In [16]:
from torch import nn
import numpy as np

Compute self attention for some input sequence.
For every token, we produce a new sequence of encoding vectors vectors

In [17]:
def self_attention(input_sequence):
    output = np.zeros(shape=input_sequence.shape)

    # iterate over each token in input sequence
    # compute attention score between this token, and all others
    for i, pivot_vector in enumerate(input_sequence):
        scores = np.zeros(shape=(len(input_sequence),))
        for j, vector in enumerate(input_sequence):
            # compute attention score with dot product between tokens
            scores[j] = np.dot(pivot_vector, vector.T)
        scores /= np.sqrt(input_sequence.shape[1])
        scores = nn.Softmax(scores)
        new_pivot_representation = np.zeros(shape=pivot_vector.shape)

        # sum all tokens weighted by attention score, which we return
        for j, vector in enumerate(input_sequence):
            new_pivot_representation += vector * scores[j]
        output[i] = new_pivot_representation
    return output

Take input sequence, of some length and some embedding vector size. Transform this into 3 tensors (query, key, value) of dimension sequence length by embedding vector size. Multiply by weight tensors of embedding vector size by embedding vector size. This gives us tensors with dimensions of the sequence length by the size of the embedding vector which we split along the embedding dimension into the amount of heads we want. Each of these serves as a head of the multi-headed attention and is the sized by the ratio between embedding vector size and the amount of desired heads. Each head has access to the full input sequence, but is limited in the embeddings it can see for each token.

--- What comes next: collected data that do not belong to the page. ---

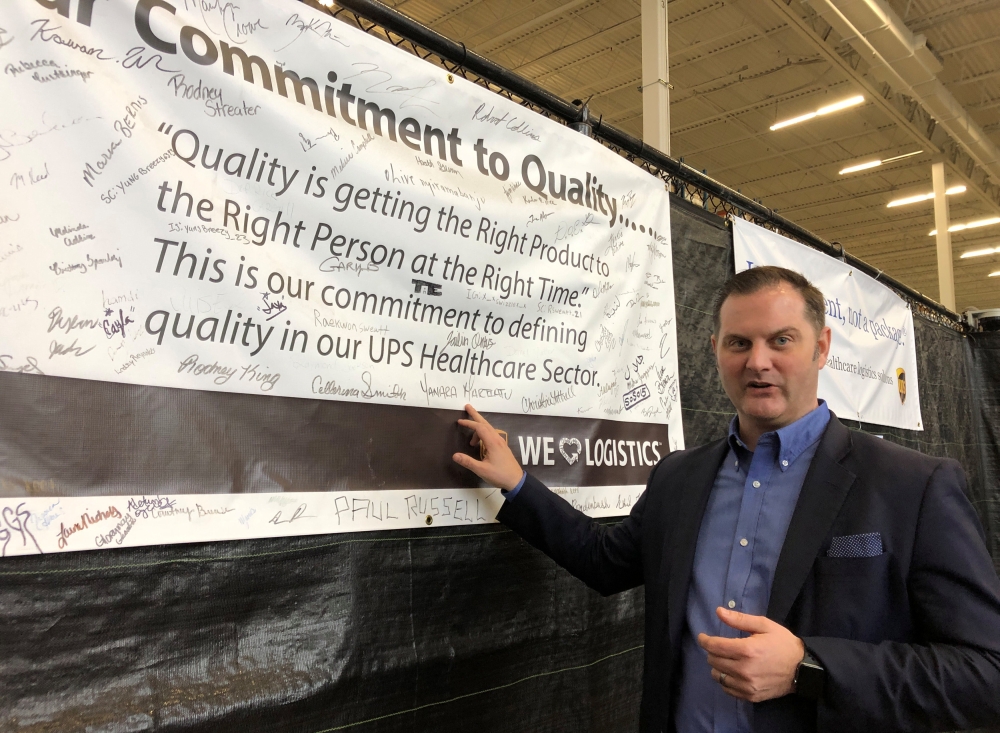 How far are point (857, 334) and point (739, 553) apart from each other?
249 centimetres

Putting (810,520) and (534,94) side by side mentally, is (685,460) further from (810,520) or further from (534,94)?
(534,94)

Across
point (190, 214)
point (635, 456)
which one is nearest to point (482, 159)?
point (190, 214)

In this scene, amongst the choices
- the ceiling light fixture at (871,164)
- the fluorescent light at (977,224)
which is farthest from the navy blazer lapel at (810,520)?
the fluorescent light at (977,224)

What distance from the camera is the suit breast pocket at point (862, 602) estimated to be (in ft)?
3.95

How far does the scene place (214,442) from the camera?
1.23 meters

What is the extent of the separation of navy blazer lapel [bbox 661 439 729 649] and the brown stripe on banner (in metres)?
0.41

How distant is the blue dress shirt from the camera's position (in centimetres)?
130

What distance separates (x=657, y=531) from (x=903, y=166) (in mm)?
11848

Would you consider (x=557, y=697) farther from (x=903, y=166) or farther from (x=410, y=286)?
(x=903, y=166)

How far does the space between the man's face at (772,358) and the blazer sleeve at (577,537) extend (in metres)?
0.42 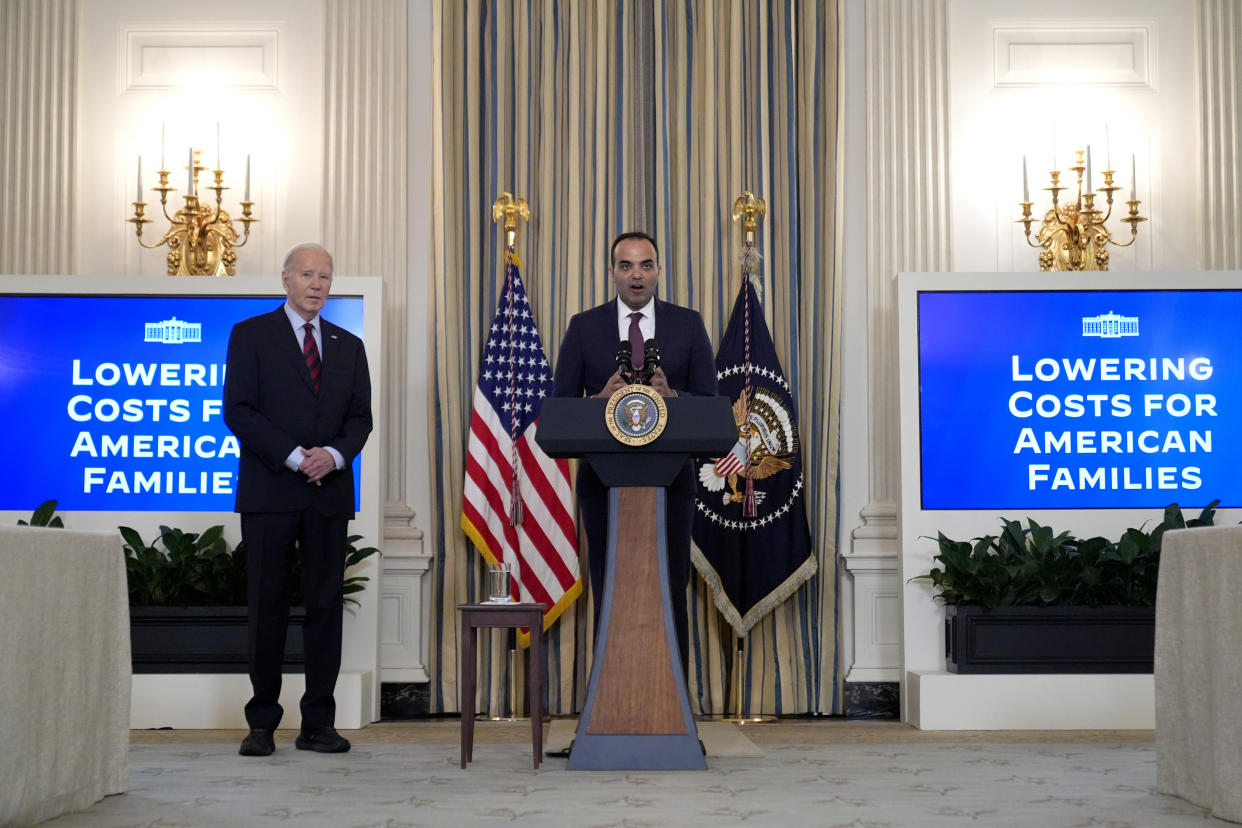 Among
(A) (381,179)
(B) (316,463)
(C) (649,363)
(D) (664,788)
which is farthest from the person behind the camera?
(A) (381,179)

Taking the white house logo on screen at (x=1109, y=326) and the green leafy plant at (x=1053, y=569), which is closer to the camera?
the green leafy plant at (x=1053, y=569)

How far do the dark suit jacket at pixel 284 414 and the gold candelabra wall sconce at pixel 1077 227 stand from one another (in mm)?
3256

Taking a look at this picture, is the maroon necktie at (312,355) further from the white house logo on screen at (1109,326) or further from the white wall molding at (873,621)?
the white house logo on screen at (1109,326)

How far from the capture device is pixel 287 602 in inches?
171

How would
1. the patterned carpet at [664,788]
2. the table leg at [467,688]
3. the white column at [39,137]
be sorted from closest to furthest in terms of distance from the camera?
the patterned carpet at [664,788] → the table leg at [467,688] → the white column at [39,137]

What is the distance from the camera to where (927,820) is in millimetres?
3033

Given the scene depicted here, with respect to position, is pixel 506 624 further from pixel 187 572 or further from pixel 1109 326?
pixel 1109 326

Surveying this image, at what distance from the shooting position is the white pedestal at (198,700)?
5074 millimetres

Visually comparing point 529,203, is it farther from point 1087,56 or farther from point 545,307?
point 1087,56

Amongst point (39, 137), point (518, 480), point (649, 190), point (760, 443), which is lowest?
point (518, 480)

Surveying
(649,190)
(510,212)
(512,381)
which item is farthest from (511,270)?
(649,190)

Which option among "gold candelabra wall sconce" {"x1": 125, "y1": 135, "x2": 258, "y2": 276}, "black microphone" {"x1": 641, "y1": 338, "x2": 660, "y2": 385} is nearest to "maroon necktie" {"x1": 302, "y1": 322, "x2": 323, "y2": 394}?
"black microphone" {"x1": 641, "y1": 338, "x2": 660, "y2": 385}

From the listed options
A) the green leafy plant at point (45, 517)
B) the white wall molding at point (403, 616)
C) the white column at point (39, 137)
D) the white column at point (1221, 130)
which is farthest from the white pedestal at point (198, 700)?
the white column at point (1221, 130)

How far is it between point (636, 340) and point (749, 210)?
1705mm
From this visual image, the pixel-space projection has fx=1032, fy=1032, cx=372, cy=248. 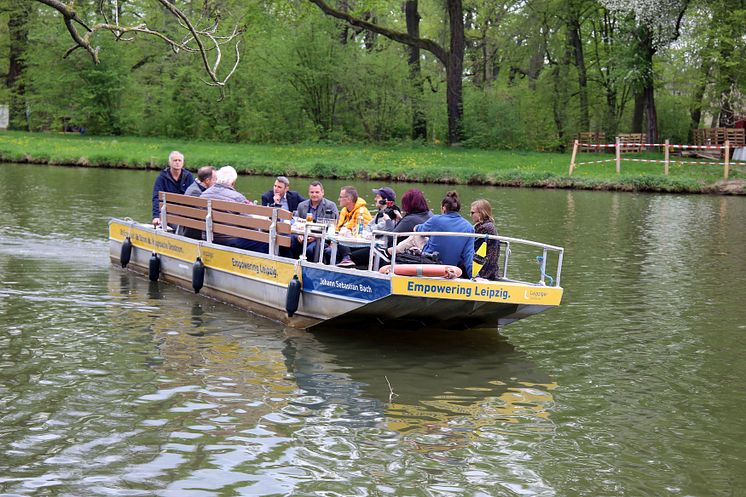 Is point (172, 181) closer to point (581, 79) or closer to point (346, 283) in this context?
point (346, 283)

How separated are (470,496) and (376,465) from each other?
89 centimetres

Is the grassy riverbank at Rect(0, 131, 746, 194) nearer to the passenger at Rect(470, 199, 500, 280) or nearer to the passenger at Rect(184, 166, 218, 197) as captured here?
the passenger at Rect(184, 166, 218, 197)

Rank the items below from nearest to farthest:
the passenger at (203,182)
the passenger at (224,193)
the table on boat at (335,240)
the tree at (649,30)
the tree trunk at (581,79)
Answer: the table on boat at (335,240) < the passenger at (224,193) < the passenger at (203,182) < the tree at (649,30) < the tree trunk at (581,79)

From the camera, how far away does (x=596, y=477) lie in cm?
777

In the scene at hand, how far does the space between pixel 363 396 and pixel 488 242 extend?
324 cm

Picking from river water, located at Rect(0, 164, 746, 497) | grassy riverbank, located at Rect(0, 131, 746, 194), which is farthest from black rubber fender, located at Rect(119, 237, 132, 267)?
grassy riverbank, located at Rect(0, 131, 746, 194)

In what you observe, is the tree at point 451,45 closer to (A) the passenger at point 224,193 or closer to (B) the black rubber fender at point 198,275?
(A) the passenger at point 224,193

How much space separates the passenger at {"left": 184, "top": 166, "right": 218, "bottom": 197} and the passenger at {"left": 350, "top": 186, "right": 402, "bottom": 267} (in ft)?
10.7

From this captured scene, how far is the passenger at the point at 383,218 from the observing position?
1291 cm

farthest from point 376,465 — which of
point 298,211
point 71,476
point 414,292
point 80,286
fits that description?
point 80,286

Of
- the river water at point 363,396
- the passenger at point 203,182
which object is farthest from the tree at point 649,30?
the passenger at point 203,182

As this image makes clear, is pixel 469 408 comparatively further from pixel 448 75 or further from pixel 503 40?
pixel 503 40

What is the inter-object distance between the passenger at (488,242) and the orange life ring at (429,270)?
0.74 m

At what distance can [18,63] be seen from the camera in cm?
5909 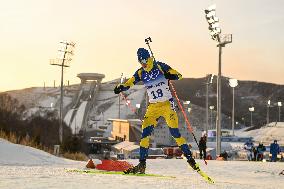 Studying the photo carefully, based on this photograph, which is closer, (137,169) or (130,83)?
(137,169)

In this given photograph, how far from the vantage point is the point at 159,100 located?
8148 millimetres

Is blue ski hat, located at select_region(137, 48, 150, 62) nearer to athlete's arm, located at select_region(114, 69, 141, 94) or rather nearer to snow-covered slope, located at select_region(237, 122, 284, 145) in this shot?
athlete's arm, located at select_region(114, 69, 141, 94)

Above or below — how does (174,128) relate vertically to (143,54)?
below

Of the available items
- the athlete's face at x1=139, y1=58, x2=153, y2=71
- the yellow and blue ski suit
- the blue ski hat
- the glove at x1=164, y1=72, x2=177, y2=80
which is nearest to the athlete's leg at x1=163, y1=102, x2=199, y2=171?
the yellow and blue ski suit

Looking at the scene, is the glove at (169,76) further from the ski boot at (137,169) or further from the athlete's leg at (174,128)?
the ski boot at (137,169)

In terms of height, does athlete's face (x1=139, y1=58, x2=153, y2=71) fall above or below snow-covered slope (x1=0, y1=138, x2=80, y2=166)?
above

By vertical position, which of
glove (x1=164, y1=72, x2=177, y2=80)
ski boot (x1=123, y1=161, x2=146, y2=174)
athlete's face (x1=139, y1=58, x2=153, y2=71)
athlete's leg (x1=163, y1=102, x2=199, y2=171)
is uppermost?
athlete's face (x1=139, y1=58, x2=153, y2=71)

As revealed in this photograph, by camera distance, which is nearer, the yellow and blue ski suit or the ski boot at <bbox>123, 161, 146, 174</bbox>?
the yellow and blue ski suit

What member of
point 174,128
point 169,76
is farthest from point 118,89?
point 174,128

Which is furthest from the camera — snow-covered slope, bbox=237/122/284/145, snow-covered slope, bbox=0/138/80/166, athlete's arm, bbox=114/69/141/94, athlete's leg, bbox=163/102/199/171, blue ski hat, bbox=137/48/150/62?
snow-covered slope, bbox=237/122/284/145

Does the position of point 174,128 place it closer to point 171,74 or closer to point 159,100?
point 159,100

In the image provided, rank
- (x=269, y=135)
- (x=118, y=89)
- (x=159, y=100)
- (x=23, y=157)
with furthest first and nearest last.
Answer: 1. (x=269, y=135)
2. (x=23, y=157)
3. (x=118, y=89)
4. (x=159, y=100)

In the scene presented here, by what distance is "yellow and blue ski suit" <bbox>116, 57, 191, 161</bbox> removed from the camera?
8.09 m

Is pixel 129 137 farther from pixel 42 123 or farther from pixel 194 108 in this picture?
pixel 194 108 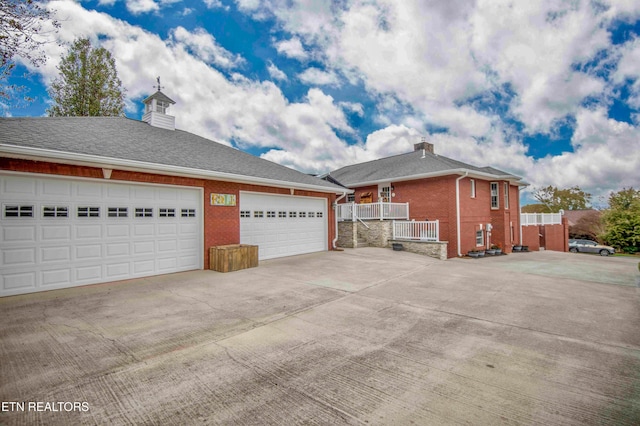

Softmax the different groups of heads together by which embedding vector they have access to, then finally concatenate the heads and multiply them by the weight tensor of the dimension of the input. 

In [None]:
# note, all dimensions actually include batch dimension
# for each tensor, the dimensions look more like (sequence_batch, d_model, etc...)
# as we do a batch for each sequence
class MultiHeadAttention(nn.Module):
    def __init__(self, d_model: int, n_heads: int, dropout: float) -> None:
        super(MultiHeadAttention, self).__init__()
        self.d_model = d_model # embedding vector size
        self.n_heads = n_heads # number of heads
        assert d_model % n_heads == 0, "embedding vector size (d_model) needs to be divisible by the nubmer of heads (n_heads)"
        self.d_k = d_model // n_heads # size of each head
        self.d_v = self.d_k # in attention is all you need, this is called d_v, but its equal to d_k

        # the 3 weight tensors of embedding vector size by embedding vector size
        self.w_q = nn.Linear(d_model, d_model) # query weight tensor
        self.w_k = nn.Linear(d_model, d_model) # key weight tensor
        self.w_v = nn.Linear(d_model, d_model) # value weight tensor

        # weight tensor to multiply by the concatenated heads at the end
        self.w_concat = nn.Linear(n_heads * self.d_v, d_model)

        # dropout
        self.Dropout = nn.Dropout(dropout)

    # Scaled Dot-Product Attention
    def attention(Q, K, V, mask, dropout):
        # K/keys has dimension (batch num, num heads, sequence length, d_k)
        # input V has dimension d_v (fairly certain its the same)
        # last element in keys dimensions
        d_k = K.shape[-1] 
        # query multiplied by transpose of last 2 dimensions of key
        # divided by the square root of d_k (temperature) 
        # helps to prevent dot products from growing in magnitude causing vanishing gradients
        attn = nn.matmul(Q / np.sqrt(d_k), K.transpose(2, 3))

        # masking
        if mask is not None:
            attn = attn.masked_fill(mask == 0, -1e9)
        
        attn = nn.Softmax(attn, dim = -1)

        # dropout
        if dropout is not None:
            attn = dropout(attn)

        output = nn.matmul(attn, V)
        # return output and attention scores
        return output, attn
        

    # Masking, replacing values we don't want to interact. Default is no mask.
    # If mask is applied softmax is applied puts them to 0. 
    # Hides attention of those tokens. Otherwise just gets values
    # for each token with each other token. 
    def forward(self, Q, K, V, mask=None):
        # multiply each tensor with its weight tensor
        query_tensor = self.w_q(Q)
        key_tensor = self.w_k(K)
        value_tensor = self.w_v(V)

        # split by the number of heads
        query_tensor = self.split(query_tensor)
        key_tensor = self.split(key_tensor)
        value_tensor = self.split(value_tensor)

        # get attention 
        output, self.attention_scores = self.attention(query_tensor, key_tensor, value_tensor, mask, self.Dropout)
        
        # concatenating, contiguous for in place in memory
        output = output.transpose(1, 2).contiguous().view(output.shape[0], -1, self.h * self.d_k)

        # multiply by output tensor
        return self.w_concat(output)
    
    # Helper function to do logic of splitting by number of heads
    def split(self, tensor):
        
        # dimensions go from (batch num, sequence length, d_model) to (batch num, number of heads, sequence legnth, size of each head)
        split_output = tensor.view(tensor.shape[0], tensor.shape[1], self.n_heads, self.d_k).transpose(1, 2)
        return split_output